##### Provided records #####

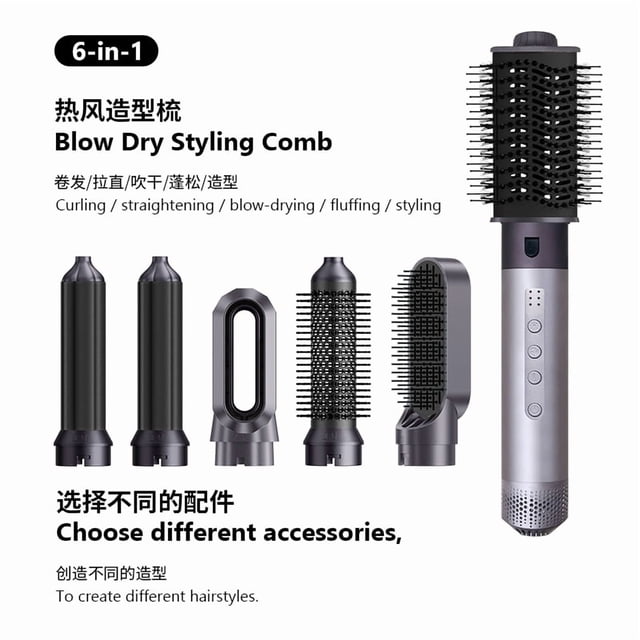 Rizador multifuncional Hot Air Comb LAISITE 6 en 1, 220 V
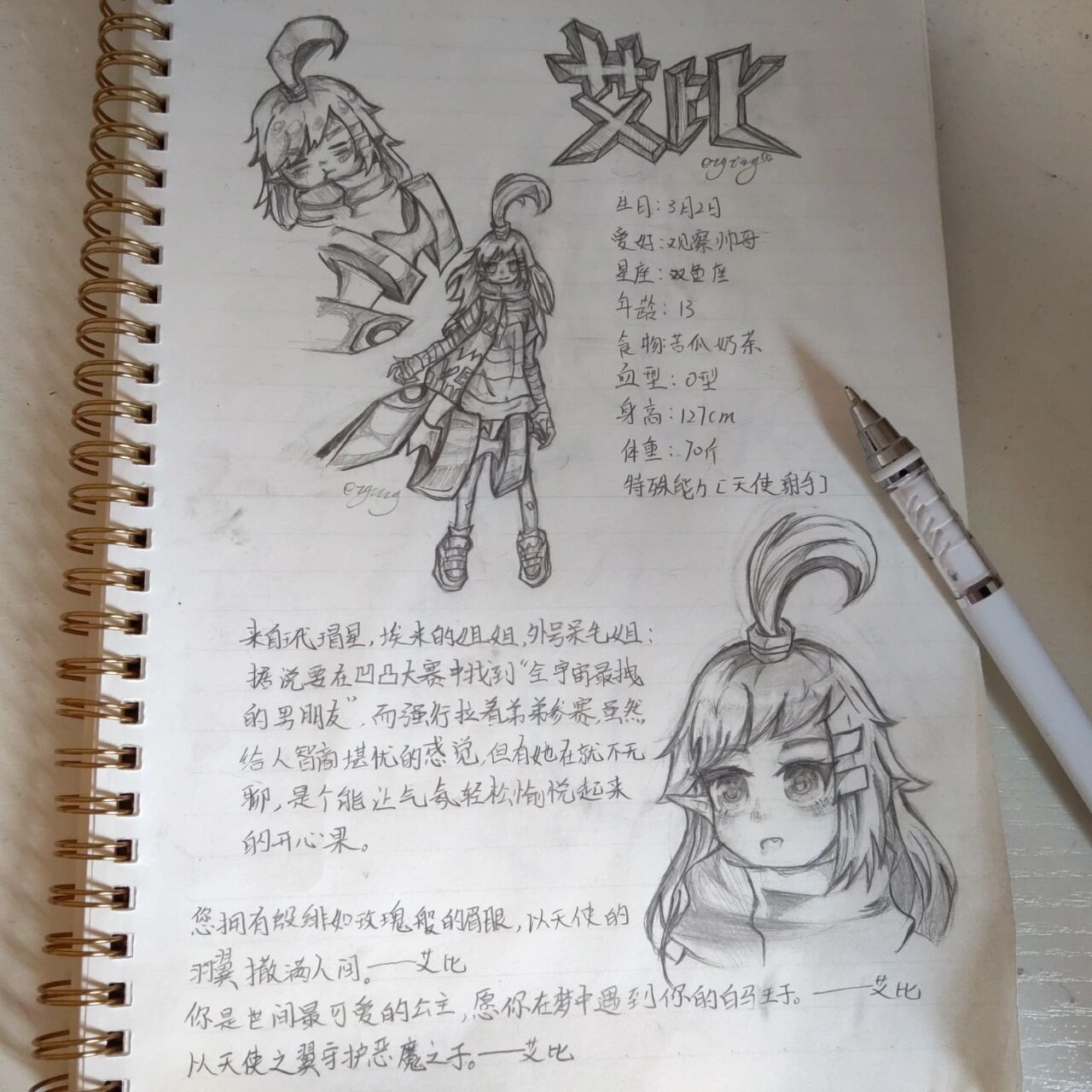 凹凸世界ren物资料——艾比 这是上一个作品中艾比的资料,你们就看看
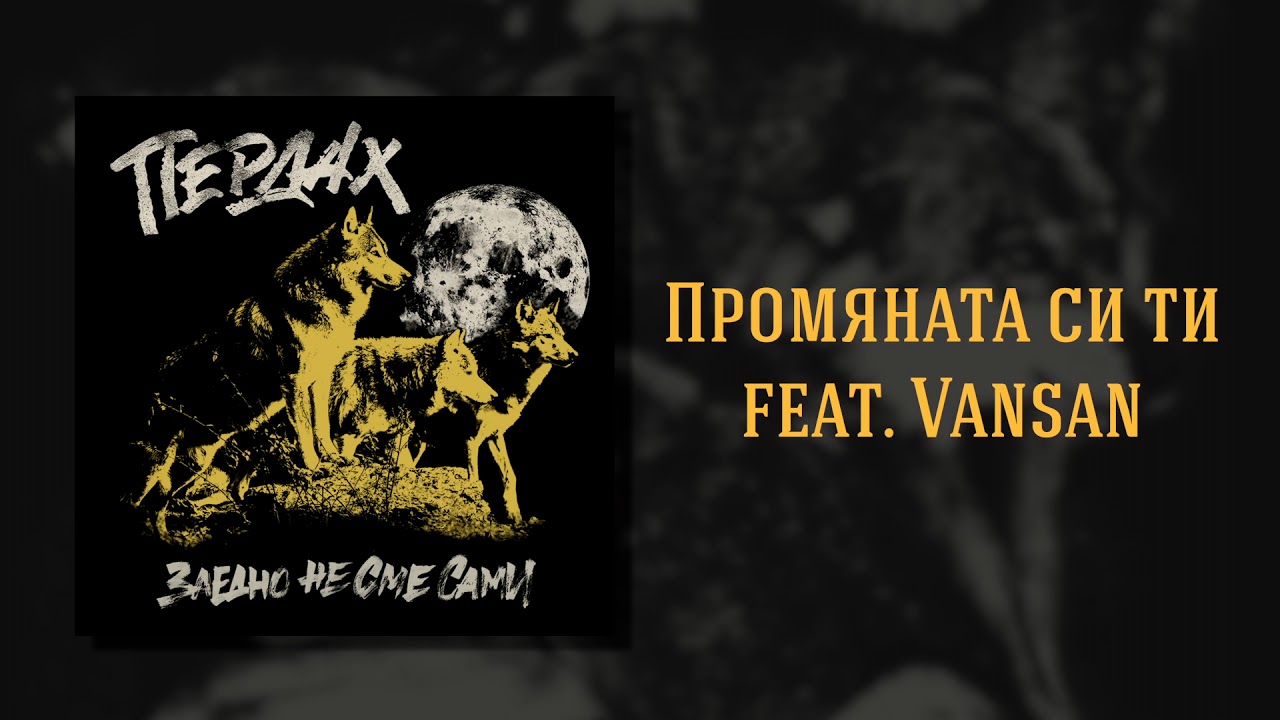 Пердах - Промяната си ти / Perdah - You Аre Тhe Change (Official Audio)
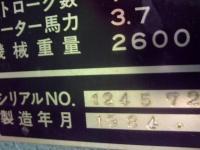 板金機械【2010007】アマダ製中古板金機械アマダ製シャーリングカットM1245買取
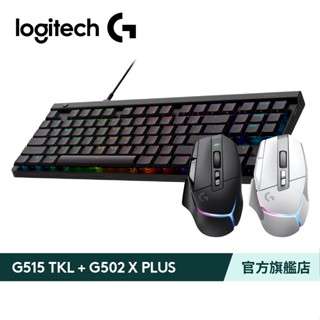 Logitech 羅技G G515 TKL 無線電競鍵盤+ G502 X PLUS無線電競滑鼠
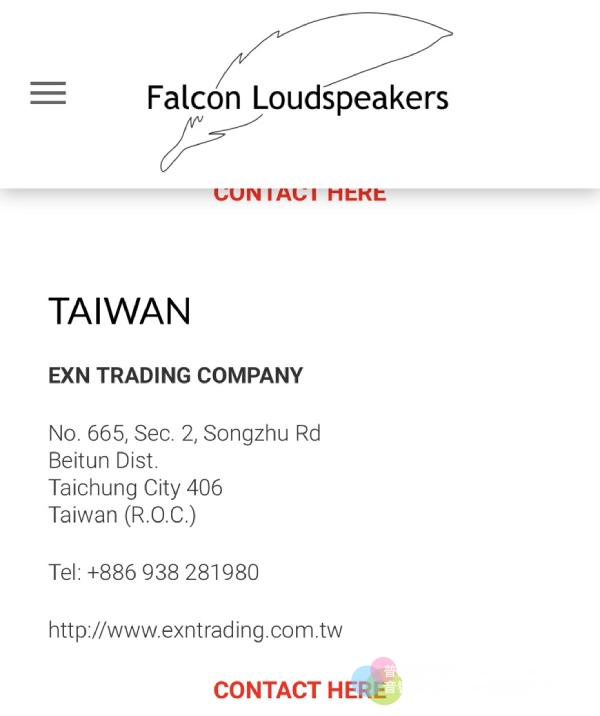 鈺笙取得Falcon Acoustics代理，限量10對LS3/5A特惠價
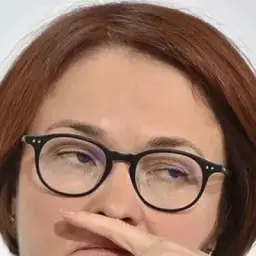 Экономыч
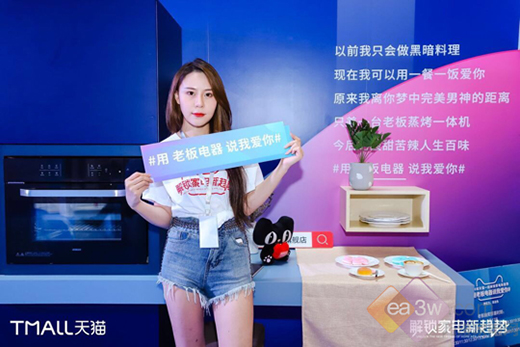 520和天貓解鎖全新智能科技——用家電說情話!
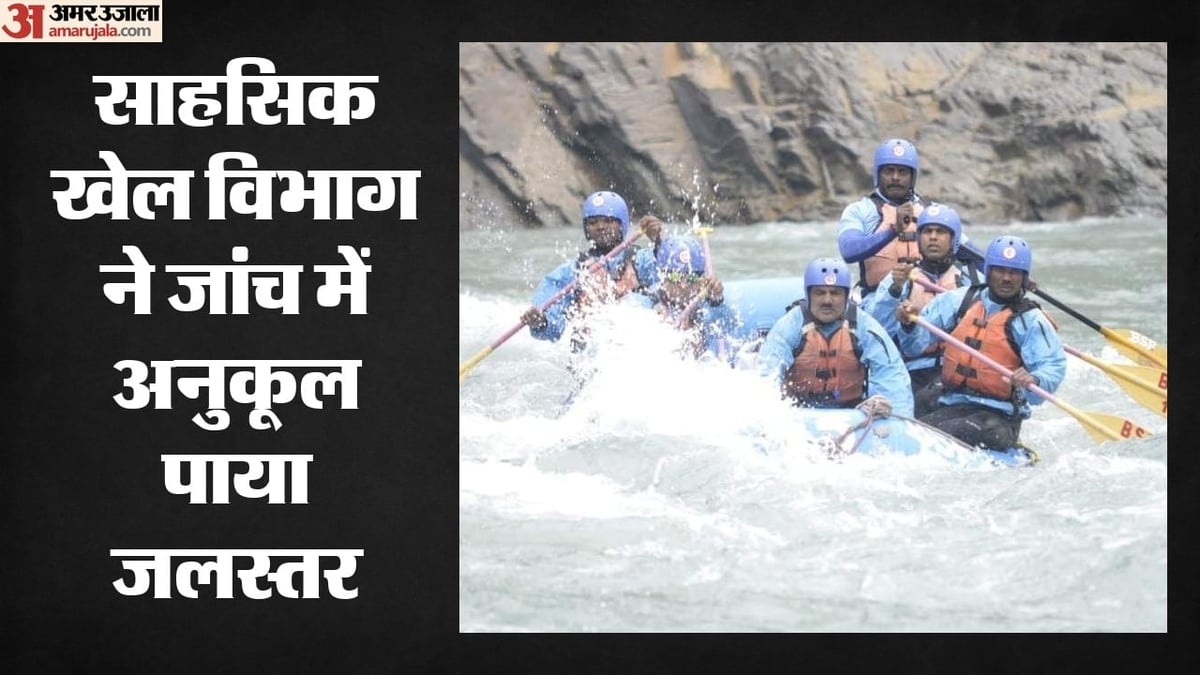 ऋषिकेश: गंगा में जल्द शुरू होगा राफ्टिंग का रोमांच, मरीन ड्राइव से निम बीच तक रेकी; चरणबद्ध खोले जाएंगे रूट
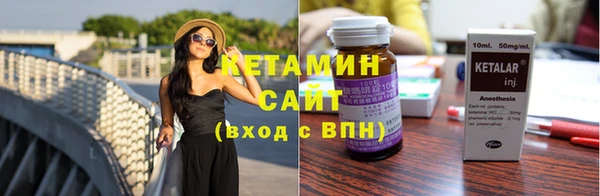 скорость mdpv Коряжма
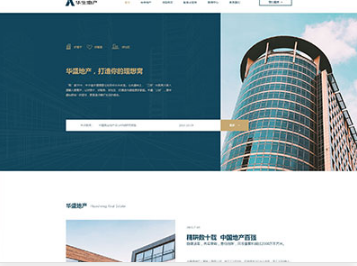 吴堡华盛地产，打造你的理想窝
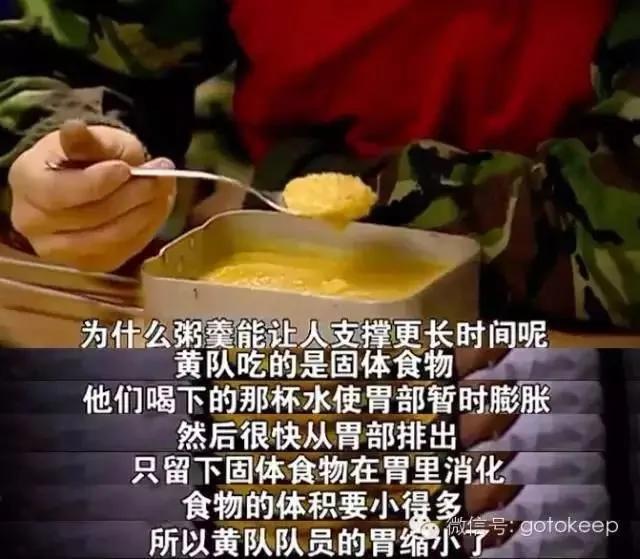 热帖:关于减肥,你需要知道的10个惊人事实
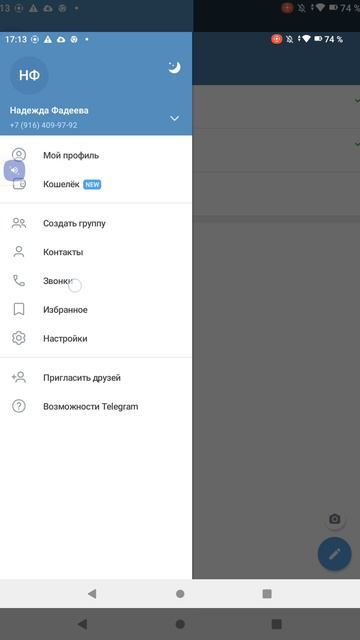 1000000708.mp4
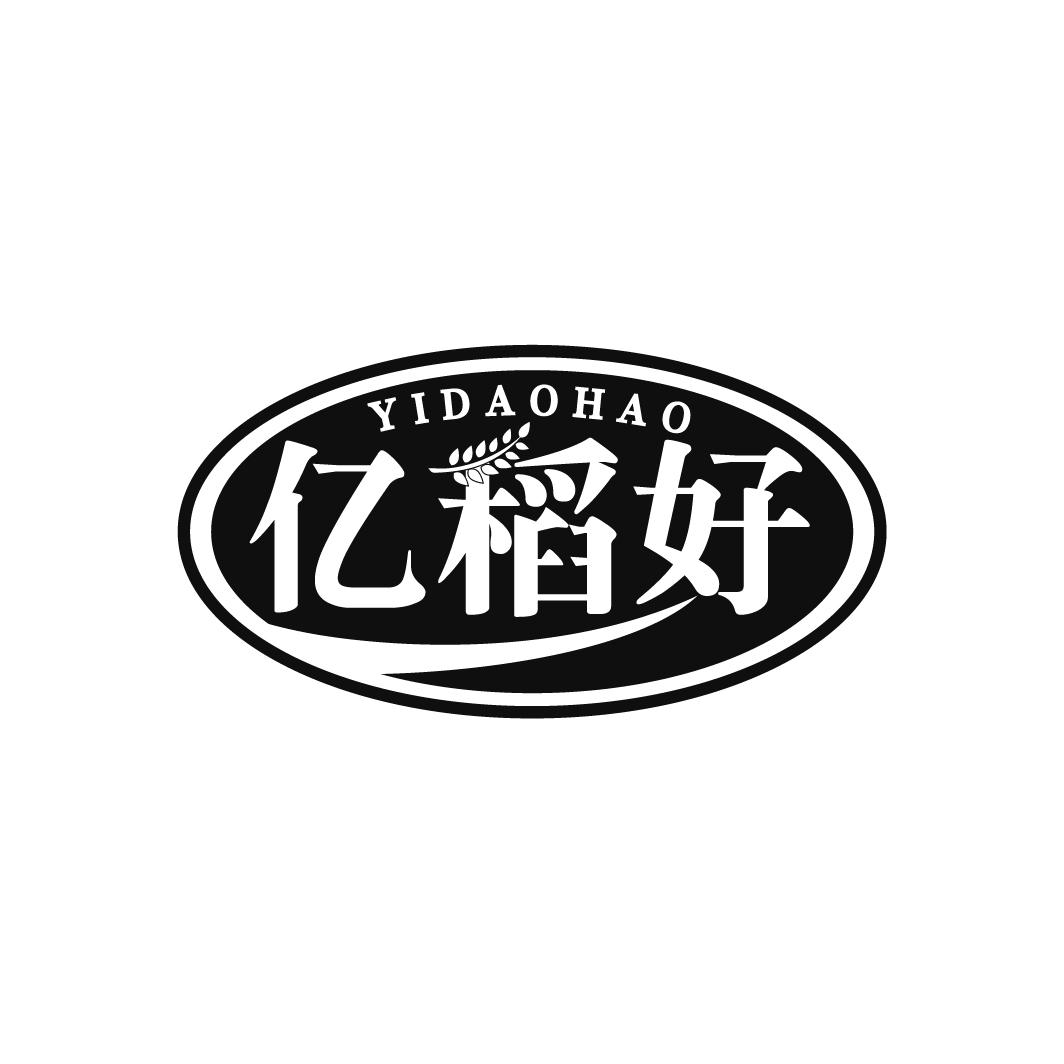 亿稻好
YIDAOHAO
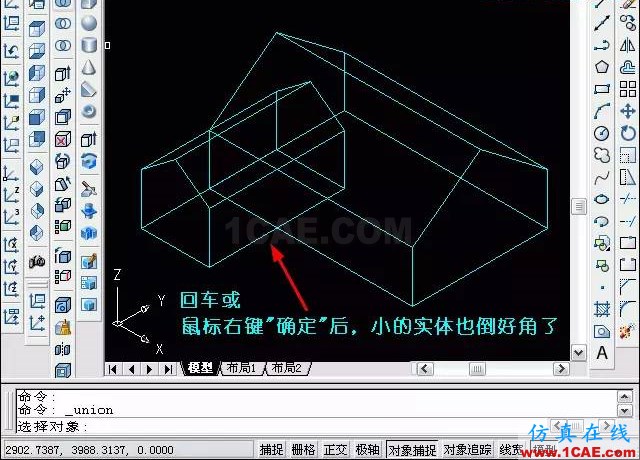 AutoCAD三維教程－拉伸、倒角AutoCAD應用技術圖片17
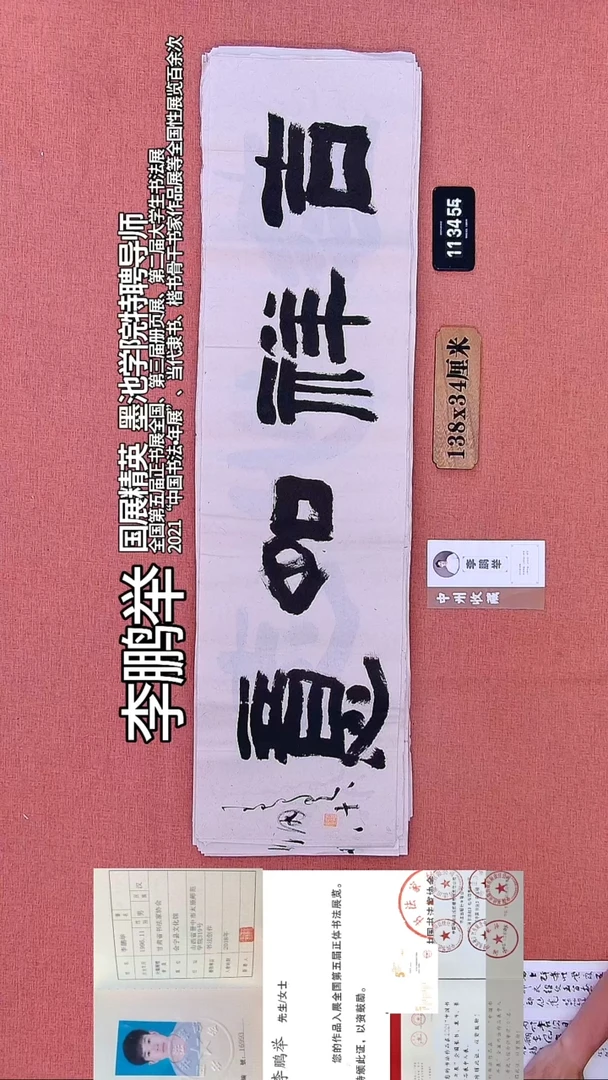 书法49    李老师书法作品
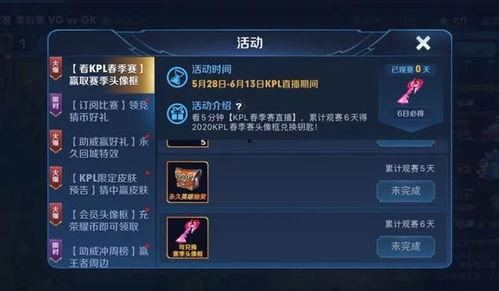 天天王者爆料视频大全下载,精彩瞬间回顾与前瞻  第2张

#####

▸ Instructions for the task
Return every entry exactly, dropping the pictures.

▸ Written solution
 Rizador multifuncional Hot Air Comb LAISITE 6 en 1, 220 V
 凹凸世界ren物资料——艾比 这是上一个作品中艾比的资料,你们就看看
 Пердах - Промяната си ти / Perdah - You Аre Тhe Change (Official Audio)
 板金機械【2010007】アマダ製中古板金機械アマダ製シャーリングカットM1245買取
 Logitech 羅技G G515 TKL 無線電競鍵盤+ G502 X PLUS無線電競滑鼠
 鈺笙取得Falcon Acoustics代理，限量10對LS3/5A特惠價
 Экономыч
 520和天貓解鎖全新智能科技——用家電說情話!
 ऋषिकेश: गंगा में जल्द शुरू होगा राफ्टिंग का रोमांच, मरीन ड्राइव से निम बीच तक रेकी; चरणबद्ध खोले जाएंगे रूट
 скорость mdpv Коряжма
 吴堡华盛地产，打造你的理想窝
 热帖:关于减肥,你需要知道的10个惊人事实
 1000000708.mp4
 亿稻好
YIDAOHAO
 AutoCAD三維教程－拉伸、倒角AutoCAD應用技術圖片17
 书法49    李老师书法作品
 天天王者爆料视频大全下载,精彩瞬间回顾与前瞻  第2张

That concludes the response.